1x36w should be bright enough to give you medium-high light in the tank if it is a T5 HO light, if not then go with the 2x36w.

90L is about 24 gallons, so I don't think the tank will be deep enough to need any more light if you are getting HO lights.

Any pics of your tank or ideas for a the new layout?


----------



## Jaap (Jun 24, 2005)

I think the best way to is 72 watts devided by 90L it will give 0.8 watts per littre. As I see from the 2010 AGA Aquascaping Contest most aquariums have lights raning from 0.6-1.2 watts per littre.

My tank is 58cm in height so at 72 watts I dont think the 0.8 watts per littre is very accurate but at least its close to what most aquascapers use.

Agree or disagree?

pics will come up soon thanks


----------



## Left C (Jun 14, 2005)

Is your lighting T5HO with very good reflectors or is it normal output T5 with only fair reflectors? T5HO lighting with very good reflectors is much brighter.

If it is the higher lighting category, you should follow Zapins advice.

Your 90L is 60cm long, isn't it? I am not familiar with 60cm T5 bulbs that are 36w. Are they 18w, by chance? There are 60cm T5HO's that are 24w and T5VHO's that are 40w.

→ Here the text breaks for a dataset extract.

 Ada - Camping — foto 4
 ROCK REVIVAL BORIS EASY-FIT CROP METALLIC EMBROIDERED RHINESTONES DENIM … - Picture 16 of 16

Something else to consider is if you are going to use CO2. If you have higher lighting, you will definitely need CO2 or maybe an Excel type product will work.


----------



## Jaap (Jun 24, 2005)

Left C said:


> Is your lighting T5HO with very good reflectors or is it normal output T5 with only fair reflectors? T5HO lighting with very good reflectors is much brighter.
> 
> If it is the higher lighting category, you should follow Zapins advice.
> 
> ...


My tank is tall...it has a height of 58cm and my lights are plain T5 with fairly good reflectors. Each T5 is 36w thats why I consider two of them. I will be dosing EI method and will have pressurized CO2.


----------



## Left C (Jun 14, 2005)

Maybe you have 36w PC's. Each tube is a T5. Anyway ...

58cm is very tall for an aquarium of 90L. Wow! That is almost 23". I wish that you would of mentioned this earlier. It makes a big difference.

An option is to run one of the bulbs as your main lighting source and the other as a noon burst. It depends on your light selection.


----------